INDIANAPOLIS — National civil rights leaders sent a letter Thursday to Gov. Eric Holcomb and legislative leaders saying that the General Assembly’s current bias crimes legislation won’t remove Indiana from a list of states without a law.
As the current bill has no list of characteristics often subject to bias, Holcomb has suggested that federal language be used by the state.
However, House Speaker Brian Bosma, R-Indianapolis, said Thursday he thinks the language should be developed by state legislators, not federal.
The 30 civil rights activists, including including the Anti-Defamation League, the Human Rights Campaign, the NAACP and the Southern Poverty Law Center, said that legislation must include a specific,comprehensive list of characteristics, such as race, gender and sexual orientation, to get Indiana off the list of five states without a bias crimes law.

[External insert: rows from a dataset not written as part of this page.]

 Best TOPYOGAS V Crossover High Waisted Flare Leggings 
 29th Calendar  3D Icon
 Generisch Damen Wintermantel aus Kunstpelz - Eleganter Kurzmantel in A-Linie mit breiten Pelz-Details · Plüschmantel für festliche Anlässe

"Some opponents of an Indiana bias crime law continue to erroneously argue that specifying categories in legislation will lend ‘special statuses’ to minorities. This notion is simply false," the letter states. "Inclusive hate crime statutes are designed to cover everyone; anyone intentionally targeted because of their personal characteristics would be protected in a hate crime statute which includes enumerated categories."
The letter was released by Indiana Forward, which is pushing for a list of characteristics that could provoke bias in a crime.

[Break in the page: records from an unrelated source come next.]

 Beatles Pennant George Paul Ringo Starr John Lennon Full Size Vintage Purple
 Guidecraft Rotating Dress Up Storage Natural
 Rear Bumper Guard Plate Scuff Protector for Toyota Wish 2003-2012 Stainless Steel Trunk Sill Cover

Senate Bill 12 was stripped of a list in the Indiana Senate. The Senate voted 39-10 to send the amended bill to the House, where it has been assigned to the Courts and Criminal Code Committee.
After the Senate passed the bill, Holcomb, who is seeking a comprehensive bill, suggested that federal descriptions be implemented in state language. The list should be used by judges in the sentencing phase of a criminal case, not in the initial reporting of the crime, Holcomb said.
He said in a statement, “Under federal law, criminal acts committed because of a person’s actual or perceived race, color, religion, national origin, disability, sex, gender, gender identity, sexual orientation or because the person was engaged in a federally protected activity (voting, jury service, etc.) can be charged as hate crimes. This applies right now in the State of Indiana, and what I would suggest is that we take that exact language.”
Bosma said Thursday he would rather have the state be in charge of the language.
"I don’t know that we want to reference federal law," Bosma said. "There is a state definition of a bias crime now. If there was going to be any type of reference, I would presume it would likely be to state law rather than federal. I know he’s (Holcomb) shopping options, which is good."
As of 2000, the state has defined a bias crime as "an offense in which the person who committed the offense knowingly or intentionally: (a) selected the person who was injured; or (b) damaged or otherwise affected property by the offense because of the color, creed, disability, national origin, race, religion, or sexual orientation of the injured person or of the owner or occupant of the affected property was associated with any other recognizable group or affiliation."
Earlier this week, the 100-company Indiana Technology and Innovation Association, which formed in November, urged a comprehensive list for the bill.